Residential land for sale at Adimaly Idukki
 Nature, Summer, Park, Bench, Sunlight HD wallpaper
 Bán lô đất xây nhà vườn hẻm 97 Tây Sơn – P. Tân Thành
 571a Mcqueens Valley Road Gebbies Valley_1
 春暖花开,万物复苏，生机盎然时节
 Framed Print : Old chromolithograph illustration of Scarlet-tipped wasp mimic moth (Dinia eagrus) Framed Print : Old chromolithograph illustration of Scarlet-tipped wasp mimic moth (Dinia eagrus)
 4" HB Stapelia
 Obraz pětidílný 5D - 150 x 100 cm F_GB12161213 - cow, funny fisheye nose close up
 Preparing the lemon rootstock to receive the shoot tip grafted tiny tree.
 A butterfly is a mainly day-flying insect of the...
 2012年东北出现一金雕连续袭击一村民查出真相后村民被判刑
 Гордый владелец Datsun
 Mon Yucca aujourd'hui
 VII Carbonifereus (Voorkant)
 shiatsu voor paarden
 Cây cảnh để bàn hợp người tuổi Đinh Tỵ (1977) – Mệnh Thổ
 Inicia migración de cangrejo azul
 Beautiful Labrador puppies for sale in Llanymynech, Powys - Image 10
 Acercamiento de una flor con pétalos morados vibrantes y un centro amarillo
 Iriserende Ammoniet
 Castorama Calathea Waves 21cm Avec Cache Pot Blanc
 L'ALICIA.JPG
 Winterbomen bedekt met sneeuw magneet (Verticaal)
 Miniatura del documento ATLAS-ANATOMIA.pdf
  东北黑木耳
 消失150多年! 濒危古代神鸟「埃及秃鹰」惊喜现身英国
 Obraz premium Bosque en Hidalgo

* **PROBLEM STATEMENT**: Repeat only the lines above, from the first line of the entries through the line that contains "Inicia migración de cangrejo azul", including both ends.

* **TASK SOLUTION**:
Residential land for sale at Adimaly Idukki
 Nature, Summer, Park, Bench, Sunlight HD wallpaper
 Bán lô đất xây nhà vườn hẻm 97 Tây Sơn – P. Tân Thành
 571a Mcqueens Valley Road Gebbies Valley_1
 春暖花开,万物复苏，生机盎然时节
 Framed Print : Old chromolithograph illustration of Scarlet-tipped wasp mimic moth (Dinia eagrus) Framed Print : Old chromolithograph illustration of Scarlet-tipped wasp mimic moth (Dinia eagrus)
 4" HB Stapelia
 Obraz pětidílný 5D - 150 x 100 cm F_GB12161213 - cow, funny fisheye nose close up
 Preparing the lemon rootstock to receive the shoot tip grafted tiny tree.
 A butterfly is a mainly day-flying insect of the...
 2012年东北出现一金雕连续袭击一村民查出真相后村民被判刑
 Гордый владелец Datsun
 Mon Yucca aujourd'hui
 VII Carbonifereus (Voorkant)
 shiatsu voor paarden
 Cây cảnh để bàn hợp người tuổi Đinh Tỵ (1977) – Mệnh Thổ
 Inicia migración de cangrejo azul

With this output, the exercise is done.